As a board member, I would like to focus my efforts on what is best for ConnAPA with a specific interest in increasing the amount of educational CME events and communications with members. I would like to see ConnAPA host monthly or bi-monthly virtual CME events so that members can have the opportunity to be continuously involved with ConnAPA. In conjunction with not only offering CMEs, ConnAPA could cosponsor or partner with local employers/hospitals so that PAs who may not be involved with ConnAPA can become aware of their own state organizations and become members. The dissemination of events and information about ConnAPA can be done through monthly newsletters, social media, or emails. By having a constant presence whether through events, sponsoring, or through social media communications, it can assist in building and retaining members, which is crucial for any organizations especially those looking to continue and further the organization with new and innovated ideas.
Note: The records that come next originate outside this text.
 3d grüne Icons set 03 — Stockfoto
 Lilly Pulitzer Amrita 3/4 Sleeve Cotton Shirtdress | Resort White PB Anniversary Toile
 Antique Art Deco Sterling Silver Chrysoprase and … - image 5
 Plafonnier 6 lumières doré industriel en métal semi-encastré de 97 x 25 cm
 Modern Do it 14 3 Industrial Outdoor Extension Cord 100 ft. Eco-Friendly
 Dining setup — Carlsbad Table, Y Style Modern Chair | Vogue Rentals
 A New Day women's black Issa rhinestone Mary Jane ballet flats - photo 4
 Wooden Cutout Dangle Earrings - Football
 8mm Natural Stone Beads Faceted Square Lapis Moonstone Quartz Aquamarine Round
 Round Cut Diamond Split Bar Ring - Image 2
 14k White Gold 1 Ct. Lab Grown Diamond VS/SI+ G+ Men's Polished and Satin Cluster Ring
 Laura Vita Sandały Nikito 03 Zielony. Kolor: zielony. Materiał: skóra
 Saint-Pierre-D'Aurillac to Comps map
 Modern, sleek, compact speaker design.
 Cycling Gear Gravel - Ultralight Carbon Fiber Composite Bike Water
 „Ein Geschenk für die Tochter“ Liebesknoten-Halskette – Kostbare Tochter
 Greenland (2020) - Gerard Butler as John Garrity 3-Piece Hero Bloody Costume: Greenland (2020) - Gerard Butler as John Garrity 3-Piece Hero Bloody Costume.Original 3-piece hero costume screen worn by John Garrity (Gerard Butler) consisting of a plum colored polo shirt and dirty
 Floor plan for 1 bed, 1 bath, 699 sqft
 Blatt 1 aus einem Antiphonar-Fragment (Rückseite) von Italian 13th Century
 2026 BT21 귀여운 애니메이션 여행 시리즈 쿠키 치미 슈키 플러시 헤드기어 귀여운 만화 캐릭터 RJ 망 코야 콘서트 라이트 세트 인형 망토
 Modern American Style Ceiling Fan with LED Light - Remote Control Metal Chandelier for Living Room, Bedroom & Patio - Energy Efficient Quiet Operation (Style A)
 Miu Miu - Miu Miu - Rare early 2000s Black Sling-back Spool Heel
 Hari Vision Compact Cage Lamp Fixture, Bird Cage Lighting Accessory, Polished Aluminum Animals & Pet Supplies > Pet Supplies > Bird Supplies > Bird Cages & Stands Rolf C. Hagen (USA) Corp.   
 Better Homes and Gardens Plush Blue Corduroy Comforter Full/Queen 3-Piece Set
As a recent graduate and new to the profession, there has been common themes and challenges that not only have I encountered at my job, but from conversations of other PAs in CT. Some of the common challenges includes representation and motivation to be involved with furthering the profession. The PA profession has integrated into most of the medical field, but there is still a lack of representation when it comes to positions of decision making for the health care policy and reform. Many of the board of directors for large hospitals or organizations are still mainly composed of higher management, medical doctors, and even nurses. It has only been recently that PAs are starting to fulfill these critical roles. As more PAs begin to take on these responsibilities outside of clinicals, they are paving the roads for not only future PAs but the profession to permanently have a voice in healthcare management. To continue the profession moving in a positive direction, involvement is key. Like many other state organizations including CT, finding the involvement from currently practicing PAs to participate and the drive to make a change is a challenge. As a new graduate, it is easy to be swept up in solely focusing on your job: clock in, see patients, document, clock out, and receive a paycheck. For many PAs this is their only idea of being a PA, and do not realize the important of being involved with advocacy as it can affect their future careers and how they can practice. While the drive for advocacy would be difficult for ConnAPA to stimulate within PAs, the awareness and education on why advocacy and involvement is important, is something ConnAPA can bring to the forefront of practicing CT PAs.